Provided records >>
=-=-=-=-=

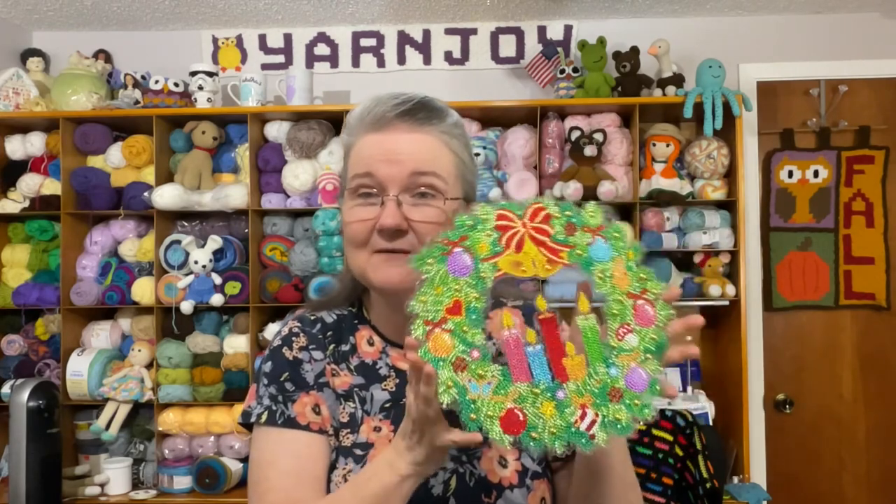The next diamond painting project I'm going to work on is the little fidget spinner that the company One Day Saving sent me — I think it's going to be cool. Now let's move on to yarny stuff.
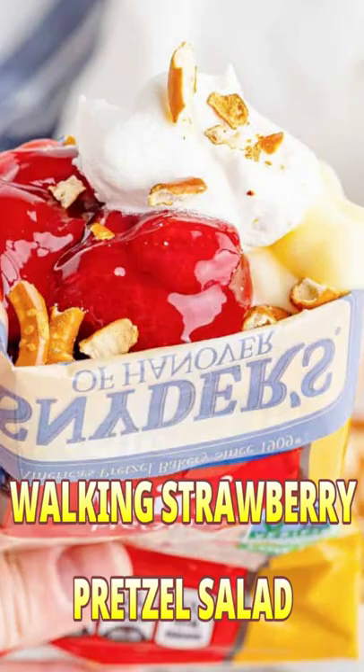Do you love walking tacos? Do you love strawberry pretzel salad? Well let's make an easy version of the strawberry pretzel salad. Let's make walking strawberry pretzel salad. Let's go.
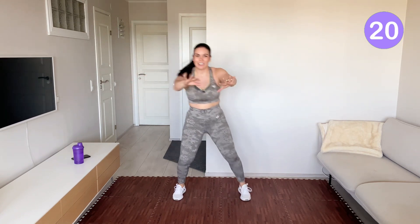Add some energy. It's a dance cardio — the heart rate goes slightly up.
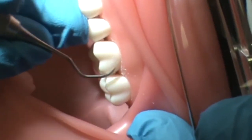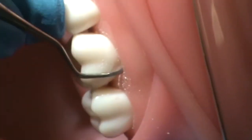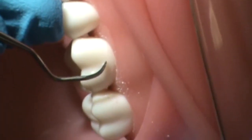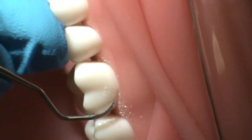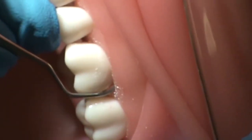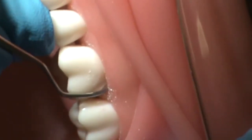She can either scale subgingivally or supragingivally with this instrument, and we're going to demonstrate subgingival scaling. Ms. McFell will gently slide the instrument under the gums at the distal facial line angle, hugging the root of the tooth at a zero degree angulation.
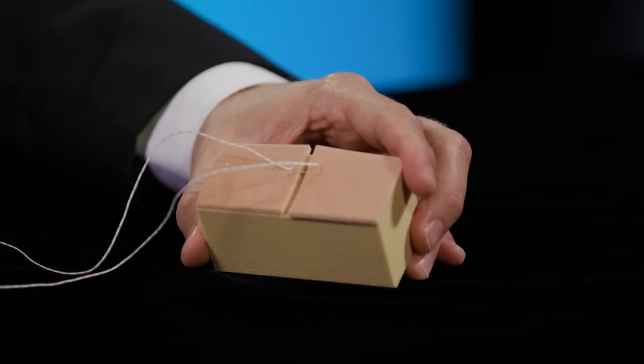You can continue to pass sutures for subsequent closure until you're happy with the amount of closure you've achieved.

=-=-=-=-=

Task item >> Without the pictures, transcribe the listing exactly as it stands.

Written solution >>
The next diamond painting project I'm going to work on is the little fidget spinner that the company One Day Saving sent me — I think it's going to be cool. Now let's move on to yarny stuff.
Do you love walking tacos? Do you love strawberry pretzel salad? Well let's make an easy version of the strawberry pretzel salad. Let's make walking strawberry pretzel salad. Let's go.
Add some energy. It's a dance cardio — the heart rate goes slightly up.
She can either scale subgingivally or supragingivally with this instrument, and we're going to demonstrate subgingival scaling. Ms. McFell will gently slide the instrument under the gums at the distal facial line angle, hugging the root of the tooth at a zero degree angulation.
You can continue to pass sutures for subsequent closure until you're happy with the amount of closure you've achieved.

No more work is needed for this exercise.